換個做法

你把那塊揉了又揉的陶土放下,閉上眼睛。

腦袋裡的念頭像一鍋煮沸的熱水,泡泡一個接一個地冒出來。做杯子。做花瓶。做碗。做盤子。做……不,等等。誰說一定要做這些東西?

你突然想起一件事。去年暑假,爸爸帶你去九份玩,你在一間舊商店裡看到了一個玻璃球。那個玻璃球裡面有各種顏色的碎片,對著光的時候,會折射出彩虹般的色彩。你當時盯著它看了好久好久,覺得那是全世界最美的東西。

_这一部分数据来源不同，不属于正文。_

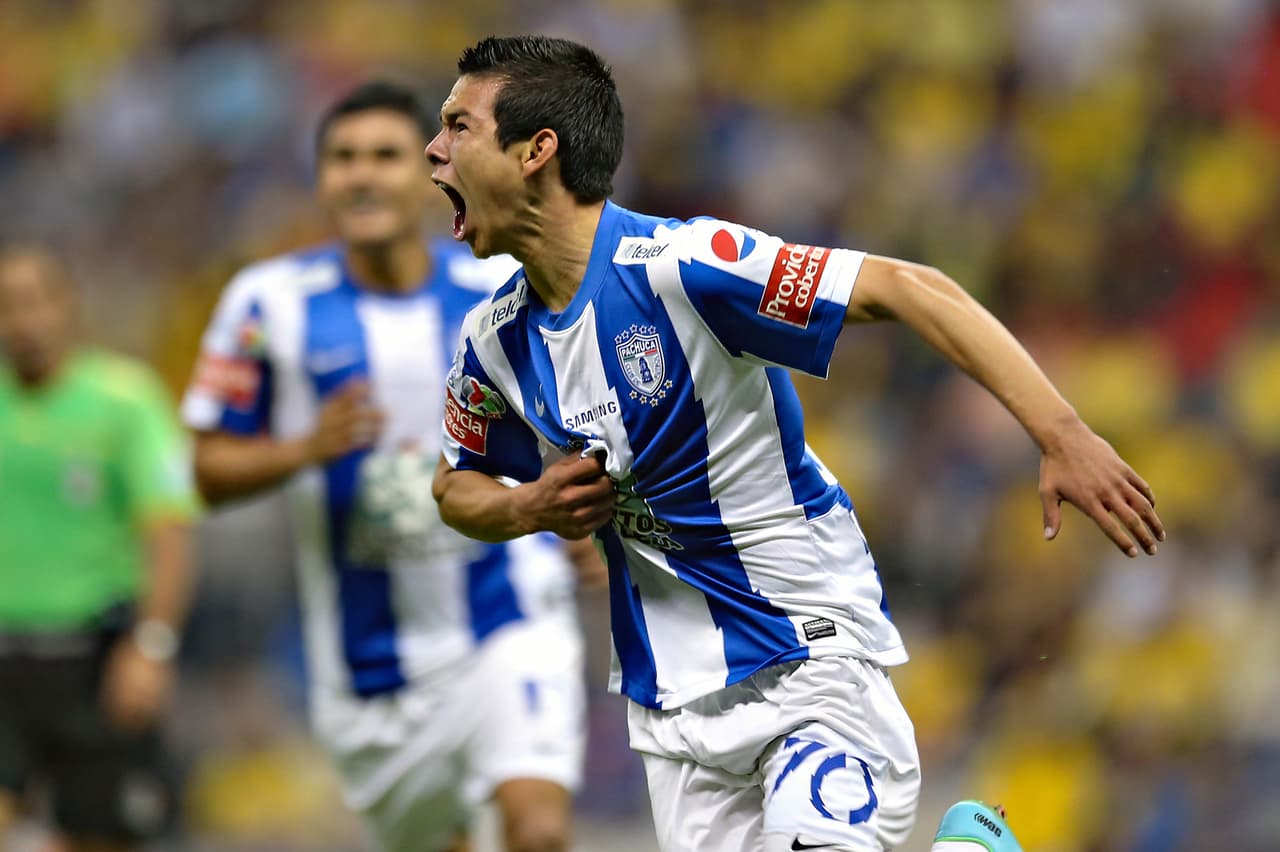 Poco tiempo bastó para que Hirving Lozano se consolidara en el Pachuca, club en el que actuó entre 2014 y 2017.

「如果把東西藏在陶土裡面呢?」 這個念頭突然蹦了出來。

你睜開眼睛,環顧教室。角落有一個小箱子,裡面裝著各種可以用來裝飾陶藝的材料——彩色的小石子、亮晶晶的碎玻璃、細細的金粉、還有一些乾花。

你小心翼翼地走過去,像一隻偷吃魚乾的貓。你從箱子裡挑了幾小塊碎玻璃——有藍色的、有綠色的、還有一塊是透明的。然後你把它們帶回座位,像守護寶藏一樣緊緊握在手心裡。

你重新把陶土揉成一個球。這一次,你不打算做杯子了。你要做一個……一個裝滿秘密的東西。

你先把陶土捏成一個中空的球,然後把那些碎玻璃一塊一塊地塞進去。你的手指在陶土內壁摸索著,把每一塊玻璃都放在它「應該在」的位置——藍色的在左邊,綠色的在右邊,透明的在最上面。然後你把開口封起來。

整個球變得鼓鼓的、胖胖的,表面有一些凹凸不平的痕跡。你用手指把表面撫平了一些,但保留了大部分的紋理。因為你覺得,那些紋理就像地球上的山脈和河流,它們是這個球的一部分。

你不知道這個東西叫什麼名字。它不是杯子,不是花瓶,不是碗。它就是……它自己。

你把它對著光看了看。陶土的顏色是灰褐色的,表面毫不起眼。但你心裡知道,它的肚子裡藏著藍色、綠色和透明的光。那些光在等著被釋放出來。

陳老師走過來,好奇地看了一眼。「有趣。」 她只說了這兩個字,但嘴角微微上揚。

「這個要進窯燒嗎?」 你問。

「當然。」 陳老師說。「所有勇敢的嘗試,都值得被火焰淬煉。」

一個星期後,窯燒完成了。你的陶球從窯裡被取出來的時候,你幾乎認不出它了。

它的表面從灰褐色變成了一種溫暖的赭紅色,像秋天的楓葉。而那些凹凸不平的紋理,在窯燒之後變成了深淺不一的色調,像一幅抽象畫。最重要的是——陶球的某些地方變得半透明了。你可以隱約看到裡面那些碎玻璃的顏色,像星星在一個小小宇宙裡閃爍。

「這是我的嗎?」 你不敢相信。

「是你的。」 陳老師笑著說。「而且是全世界獨一無二的。」

你把陶球捧在手心。它微溫的觸感讓你想起剛出爐的紅豆餅。它那麼圓、那麼亮、那麼特別。你想讓陳老師告訴你更多關於它的事,又想自己一個人安靜地觀察這個小宇宙。